Letter from the editors

By Philippa Orme, Isaac Pletcher and Wesley Kirkpatrick

DOI: 10.15664/fcj.v20i0.2508

 

Dear Reader,

Welcome to the landmark 20th issue of Frames Cinema Journal, “Queering the quotidian: Queer phenomenological approaches to ‘lowbrow’ entertainment”!

Film phenomenology positions the sensory impressions and expressions of the body at the core of our engagement with cinema in ways that are proving useful for queer theorists. After all, the body is fundamental to explorations of queer identity. Queer bodies sense, relate and respond to the world differently; they are fluid, transgress boundaries, and resist definition within normative identity categories. Building on queer phenomenological approaches, Frames’ 20th issue turns to the everyday media forms most frequently at our fingertips. It asks: what can phenomenological analyses of quotidian and so-called ‘lowbrow’ media, and their affective qualities, tell us about embodied queer subjectivities and experiences?

It would be appropriately ‘queer’, perhaps, that you will find a vast spectrum of responses across all ten articles. Animation, reality TV, slapstick comedy, virtual reality, to affective qualities of horror genres, are considered. Authors also bring questions of methodology to the forefront, prioritising the insights offered by audience studies and autoethnography, making for some compelling explorations of queer affective experience.

The opening Feature Article, by Spyridon Chairetis, draws on the queer research tradition’s interest in audience studies to analyse how five queer viewers ‘make sense’ of the Greek version of the popular reality show, The Bachelor (ALPHA, 2020-2021). In a case study of the moving image installation, Swinguerra (2019), which engages with music video aesthetics in its portrayal of Brazilian queer dance groups, Danilo Baraúna mediates on the queer affective experience of disorientation.

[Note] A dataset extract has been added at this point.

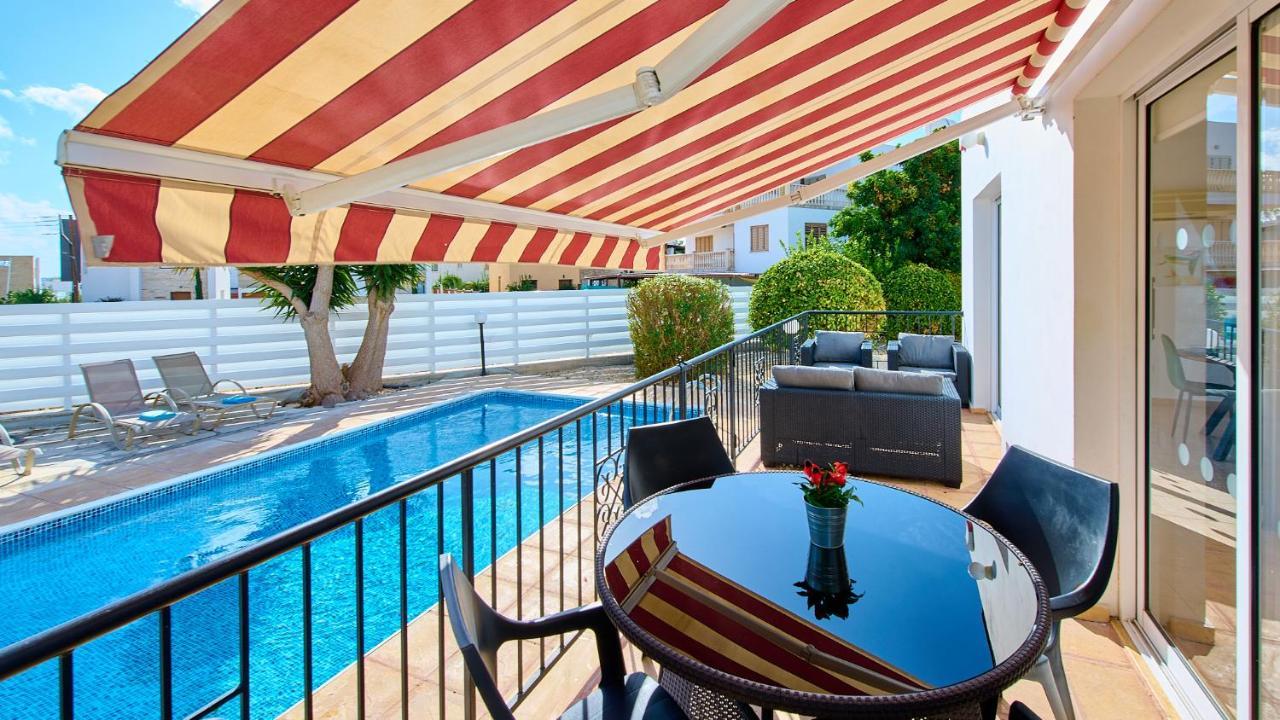 Villa Shiva By Ezoria Villas Kólpos tón Korallíon Eksteriør bilde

In a close reading of queer emotional affects in The Rocky Horror Picture Show’s (1975) “Floor Show” sequence and Hazbin Hotel’s (2019) music video “Addict”, John Francis considers the feelings, emotions, exclamations, and dis/order, most visible in horror genres. The following article by Emma Morton addresses early Italian slapstick comedy, which examines how the construction of the cross-dressed body produces affective notions of queerness. Finally, Annie Ward draws on the work of visual artist Lynn Hershman Leeson to explore how existence on digital platforms, from VR devices, Twitter to Reddit, contributes to queer orientations, experimentations and boundary breaking – despite frameworks which force users into rigid categories.

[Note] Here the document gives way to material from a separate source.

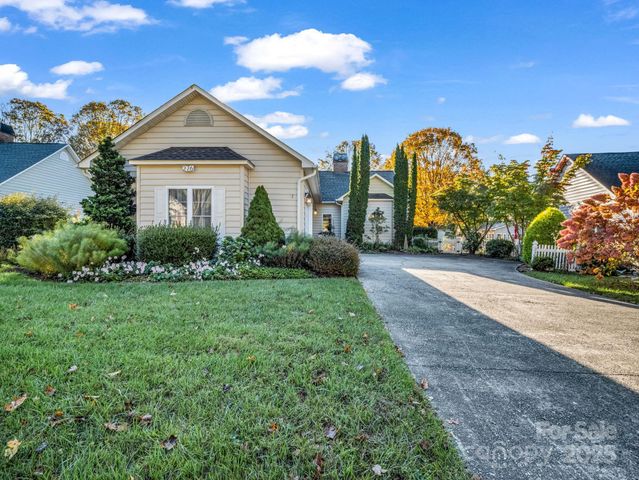 276 Cambridge Drive, Brevard, NC 28712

In a scene analysis from the animated series, The Owl House (2020-), Lindsey Pelucacci opens our section on POV Featurettes to explore how bisexual orientations are positioned as multi-directional and interdisciplinary. Following, Liz Hendy considers Showgirls (1995), which they argue presents viewers with an ambivalent queer subjectivity, visible in the bodily ‘phallic power’ of its protagonist, Nomi Malone (Elizabeth Berkley). We then move to the photographic and collage work of the Spanish lesbian collective LSD, Madrid-based activists who intervened with space and politics through local positions, in Esther Perez Nieto’s examination of the video essay Retroalimentación (1998), made by the LSD member Virginia Villaplana. The focus returns to horror in the concluding POV; Sam Tabet identifies avenues for queer butch identification through the heterosexual cis-gendered character, Daryl Dixon (Norman Reedus), from The Walking Dead (2010-2022).

Cameron Mumford also considers the horror genre in our Video Essays section. Placing Bit (Brad Michael Elmore, 2019, US) and Séance (Simon Barrett, 2021, US) in conversation, Mumford moves beyond questions of representation to investigate how horror genres reflect ideas of queer lived experience.

Book Reviews

Our Book Review section features a review of Efrén Cuevas’ Filming History from Below: Microhistorical Documentaries (Wallflower, 2022) by Stuart A. Neave, as well as a review of Greg Garrett’s A Long, Long Way: Hollywood’s Unfinished Journey from Racism to Reconciliation (Oxford University Press, 2020) by Clement Obropta.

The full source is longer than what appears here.